Ein äußerst farbiges, gedankenreiches und künstlerisch durchgearbeitetes Werk: voller Eindrücke aus den großen Caféhäusern Wiens, mit Großstadtszenen und einer Reihe eindrucksvoller Frauenfiguren.
Althager wird durch die Zeitläufte in seine jüdische Identität förmlich hineingezwungen, und er zerbricht an diesem Prozess.
»Die Schiffbrüchigen« ist das spannende, weil subversive Gegenmodell zum Bildungsroman. Geschichte einer verratenen Freundschaft und Künstlerroman, enthält dieser Text schon alle gedanklichen Komplexe, die später Amérys Werk so einzigartig machten.

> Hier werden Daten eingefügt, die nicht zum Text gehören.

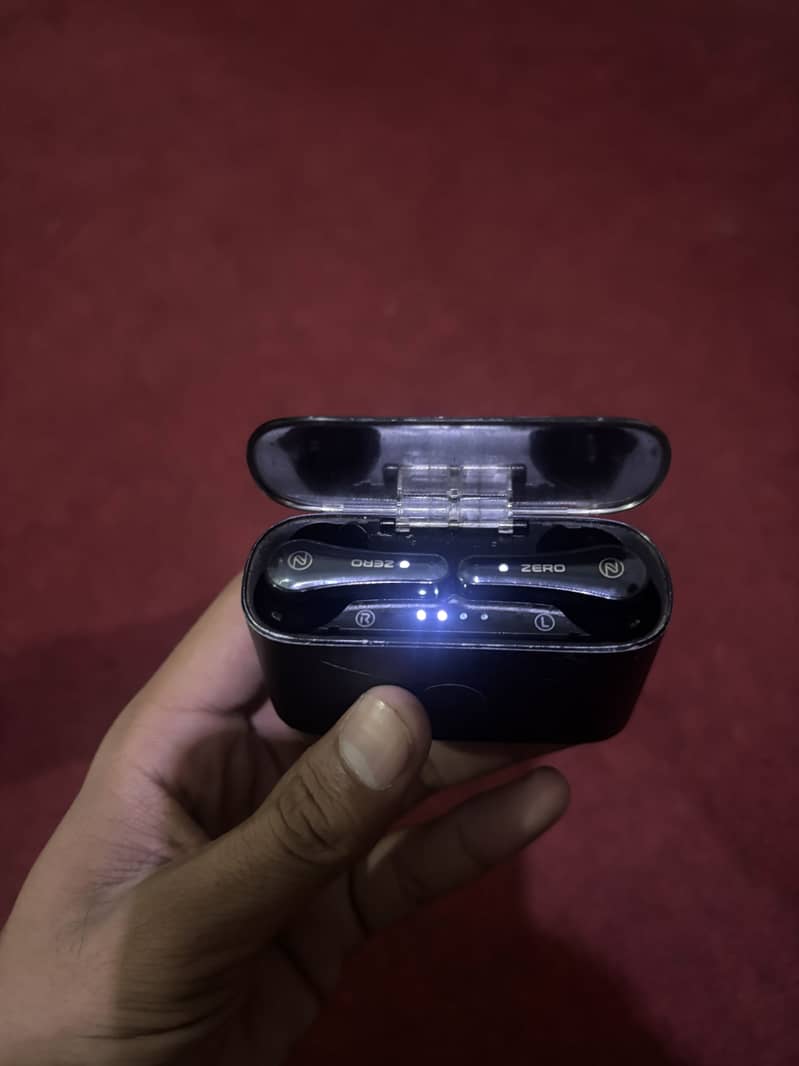 Zero Robo Earbuds 5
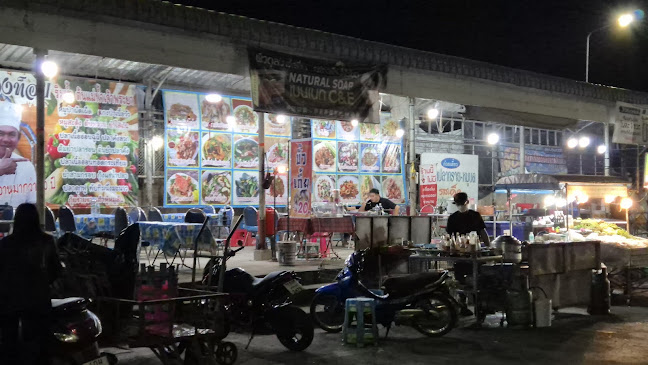 ถนนคนเดิน นครสวรรค์(ริมแม่น้ำเจ้าพระยา)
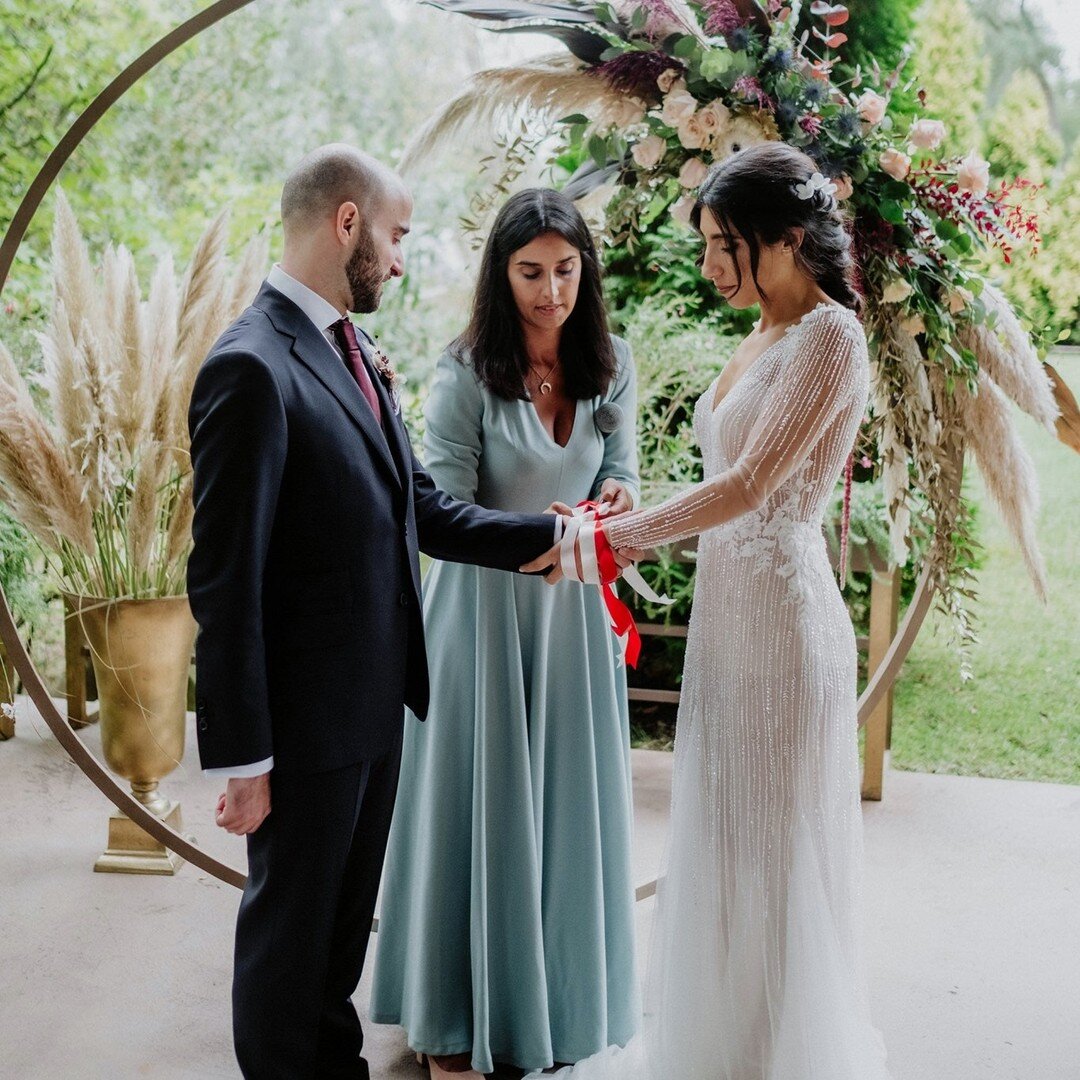 Celebrar o Amor &eacute; unir duas hist&oacute;rias ❤️

{ espa&ccedil;o @valedacorgaeventos / 📷 @joaoalmeida / 🎥 @24films_cinematography / 🌹@ofilhodarosa / celebra&ccedil;&atilde;o @celebraroamor }⠀

.
.
.
#celebramosoamorcelebramoscerimonias #cel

Ein unerhörter Glücksfall, dass das Manuskript sich durch die Zeit der Verfolgung, Flucht, KZ-Haft und Emigration in einer Wiener Manuskript-Agentur erhalten hat.
Im Marbacher Literatur-Archiv wurde es bei den Arbeiten zur Améry-Gesamtausgabe entdeckt.
Jean Améry, im Oktober 1912 als Hans Mayer in Wien geboren, zählt zu den bedeutendsten europäischen Intellektuellen der sechziger und siebziger Jahre.
Seine bahnbrechenden Essays sind in ihrer Bedeutung vielleicht nur mit den Schriften Hannah Arendts und Theodor W. Adornos zu vergleichen. Als Reflexion über die Existenz im Vernichtungslager stehen sie vermutlich Primo Levis Büchern am nächsten. Zugleich jedoch hat Améry wie kaum ein anderer Intellektueller die deutsche Öffentlichkeit mit französischen Denkern und Schriftstellern bekannt gemacht und konfrontiert.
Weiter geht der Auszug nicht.